Exercise details. In the data below, one line contains "Участие в субботнике" and a later one contains "Compartilhando: a meditação com a mãe terra. Compartilhando: a". Print both, with every line between them, exactly and alone.

Supplied information.

....

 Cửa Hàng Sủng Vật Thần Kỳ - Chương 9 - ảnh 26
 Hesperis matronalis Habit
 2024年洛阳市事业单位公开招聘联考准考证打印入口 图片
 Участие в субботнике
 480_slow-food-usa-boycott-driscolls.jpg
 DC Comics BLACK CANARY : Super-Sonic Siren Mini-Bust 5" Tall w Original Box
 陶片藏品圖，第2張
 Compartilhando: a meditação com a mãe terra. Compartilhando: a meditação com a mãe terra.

....

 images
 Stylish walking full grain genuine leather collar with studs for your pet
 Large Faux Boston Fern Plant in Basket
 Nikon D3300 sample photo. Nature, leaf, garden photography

....

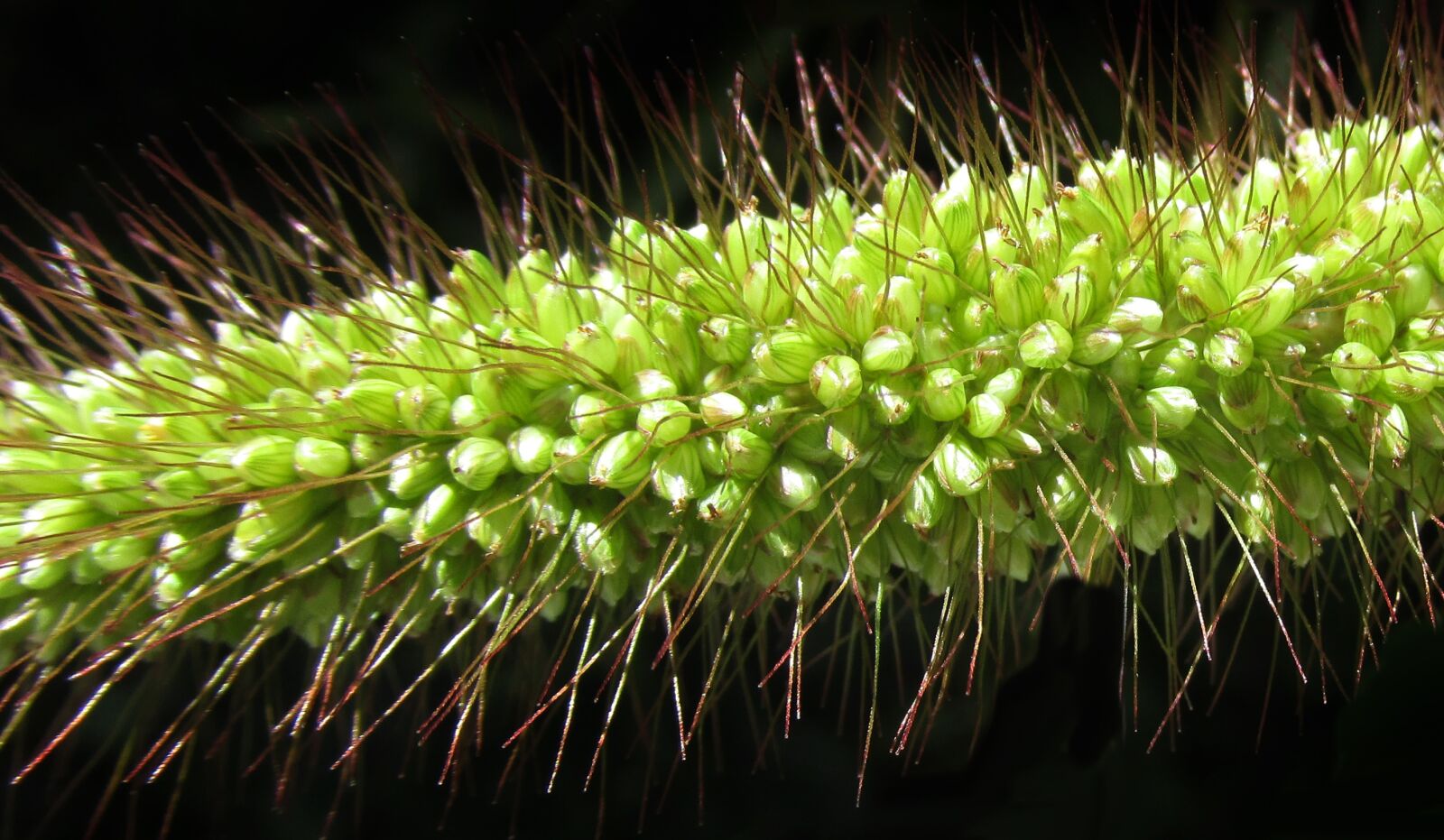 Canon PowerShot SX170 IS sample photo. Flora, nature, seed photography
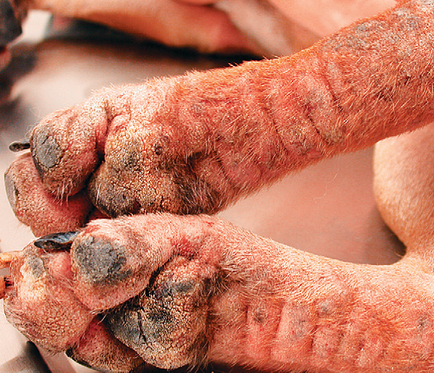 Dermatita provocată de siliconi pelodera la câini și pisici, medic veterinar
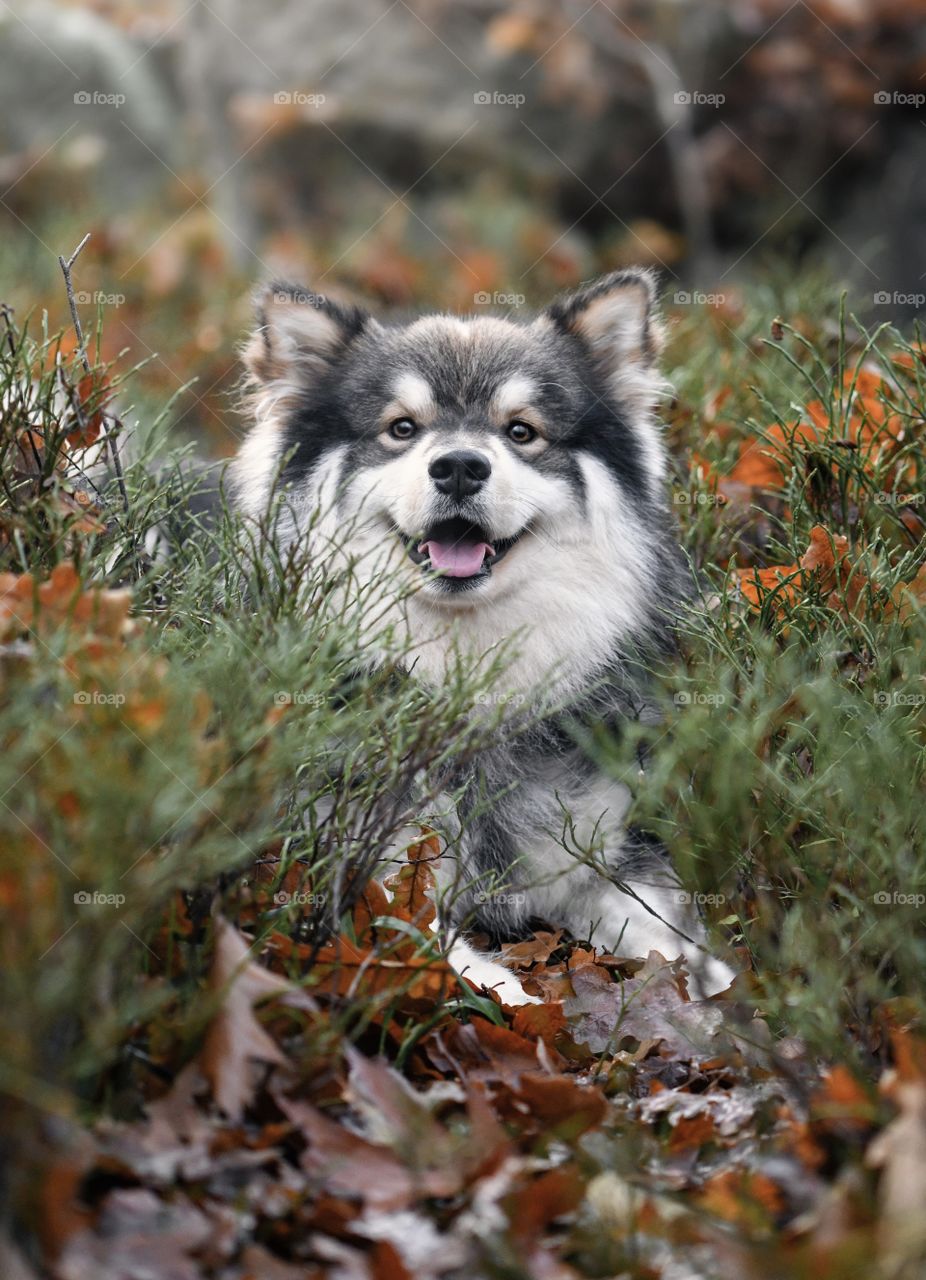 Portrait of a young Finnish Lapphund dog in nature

....

Answer.
 Участие в субботнике
 480_slow-food-usa-boycott-driscolls.jpg
 DC Comics BLACK CANARY : Super-Sonic Siren Mini-Bust 5" Tall w Original Box
 陶片藏品圖，第2張
 Compartilhando: a meditação com a mãe terra. Compartilhando: a meditação com a mãe terra.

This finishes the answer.